During the interviews, most of the teachers emphasized practical considerations when explaining the rationale behind the “responsive” communication strategies. They wanted to meet the needs of the students, to relate to the students, and to create a conducive learning environment that feels “natural” or familiar to the students. Although the teachers did not explicitly help students develop a communication repertoire to be used in differentintercultural contexts, the teachers’ attempt to integrate some elements of the students’ home cultures into the classroom communication served as a form of validation of students’ co-cultural experiences. The arising question is whether such validation would be overshadowed by negation that took place alongside with neglect.
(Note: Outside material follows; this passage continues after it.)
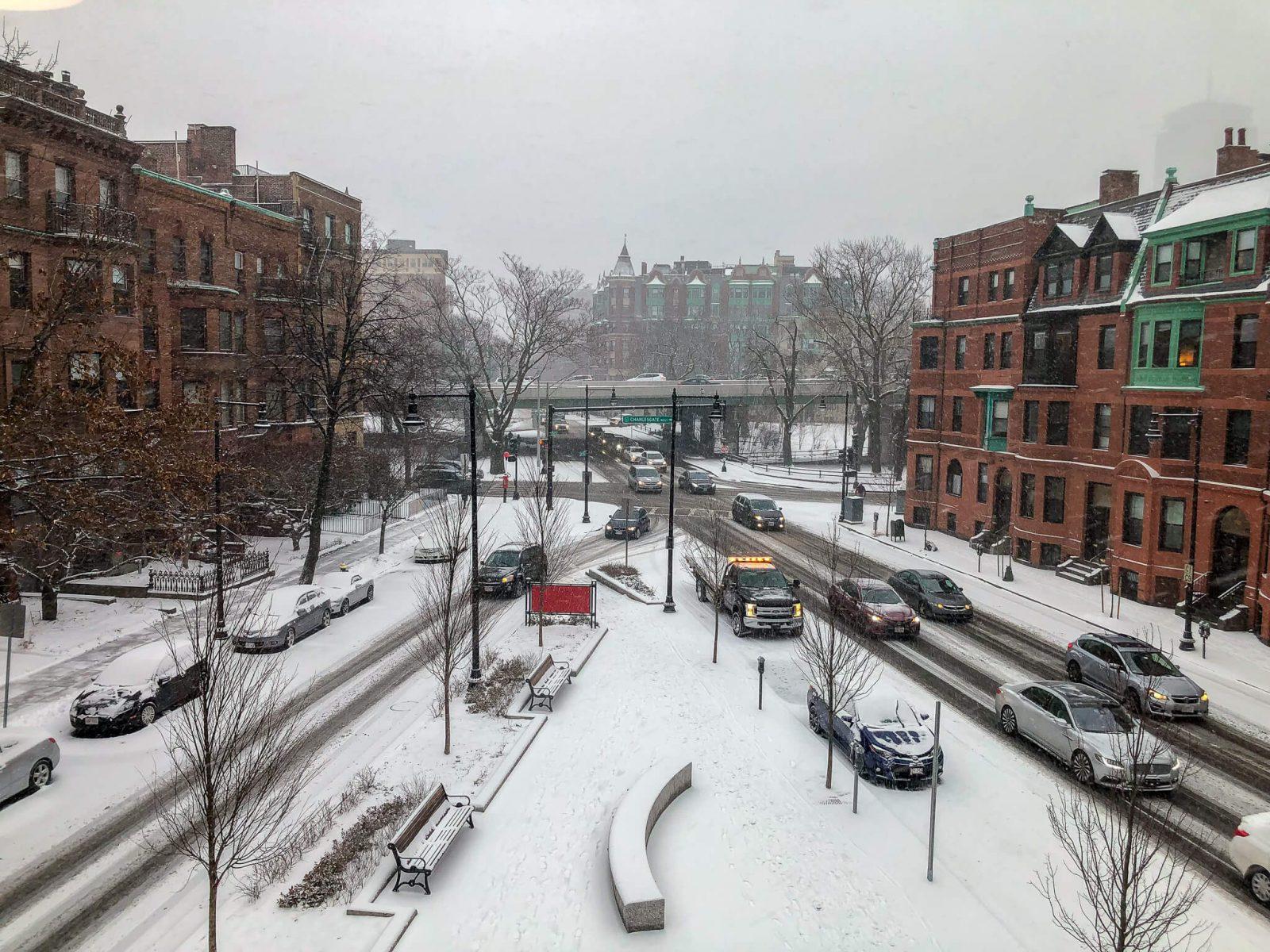 Snow covers the sidewalks at the intersection of Beacon Street and Bay State Road on the eastern edge of BU’s campus. GABRIELA HUTCHINGS/ DAILY FREE PRESS STAFF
The overarching question that initiated this study is concerned with the influence of socio-cultural hierarchies on instruction communication and hence inner-city children’s co-cultural adaptation. Specifically, in the context of this case study, how might a communication approach aiming to teach communication practices valued in the U.S. society impact, both positively and negatively, students who grow up in low-income inner-city neighborhoods? The study findings about the SARC teachers’ instructional communication approach based on their educational goals and their perception of students communication behaviors shed light on these questions. In addition, the acculturation theoretical concepts, namely enculturation and deculturation (Kim 2001), are helpful for analyzing the impact of instructional communication in the elementary-school setting.

In the context of SARC, to neglect students’ home or heritage cultural orientations in the name of teaching “the right way” is a form of enculturation. Whose way is the “right” way? In the inner-city classroom, the “right” way is based on the teachers’ moral standards, classroom rules influenced by middle-class values, and the norms of the mainstream society, the dominant culture (see also Muhammad 2007). In addition, most of the teachers seem to believe that there are “universal” standards of what is “right” and what is “a good life ”for all kids. The belief in the universality of the selected instructional- communication approaches permits the teachers to ignore or neglect students’ experiences outside school in certain communication areas. In the dominant culture where the teachers completedK-16 education and teacher training, to sit still, listen, wait for your turn, etc., are the “right” things to do in the classroom. When the “right” things do not include what are “right” at home and in other interaction contexts, the enculturation process is not helping to pave the way for co-cultural adaptation (West-Olatunji, et al. 2010).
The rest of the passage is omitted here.